═══ GIVEN DATA ═══

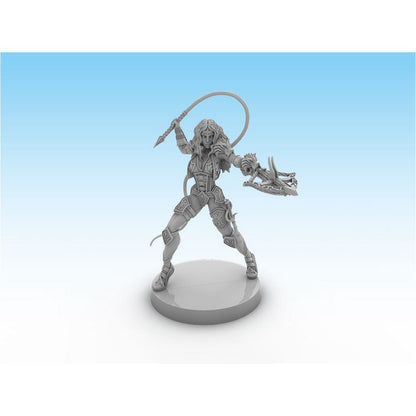 Unpainted grey fantasy miniature of an armored female warrior wielding a whip and an arm-mounted weapon
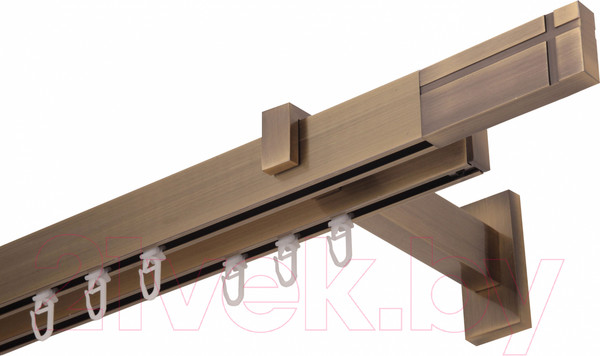 Изображение товара Карниз для штор Lm Decor Флэт Лайн Кросс двойной (антик, 4.0м)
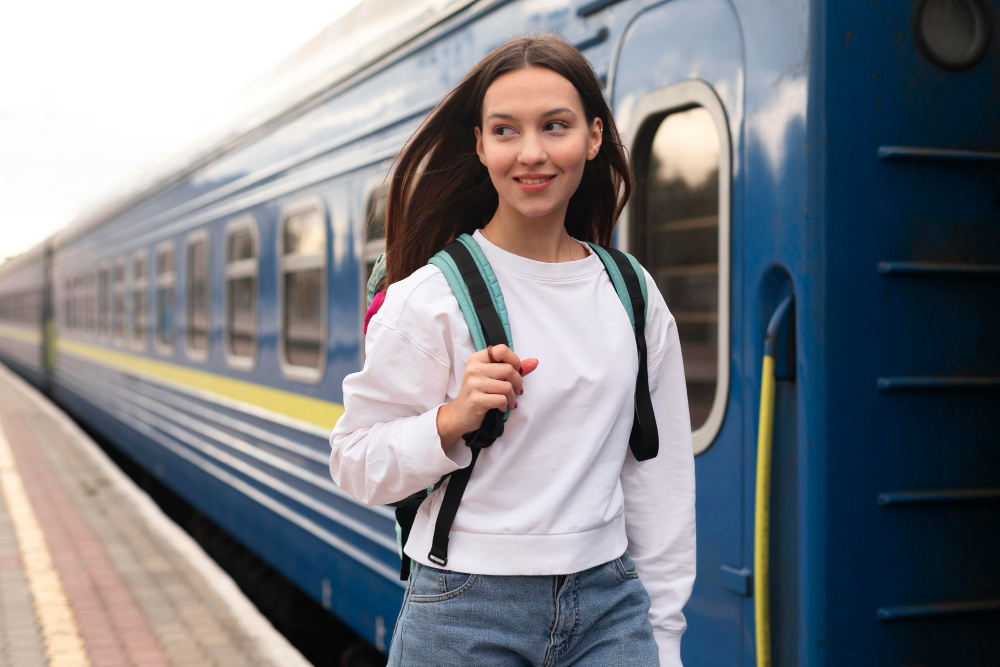 Girl Standing Train With Her Backpack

═══

* **PROBLEM DETAILS**:
Would you please copy the material exactly, leaving all the pictures out?

* **REPLY TO THE TASK**:
 Unpainted grey fantasy miniature of an armored female warrior wielding a whip and an arm-mounted weapon
 Изображение товара Карниз для штор Lm Decor Флэт Лайн Кросс двойной (антик, 4.0м)
 Girl Standing Train With Her Backpack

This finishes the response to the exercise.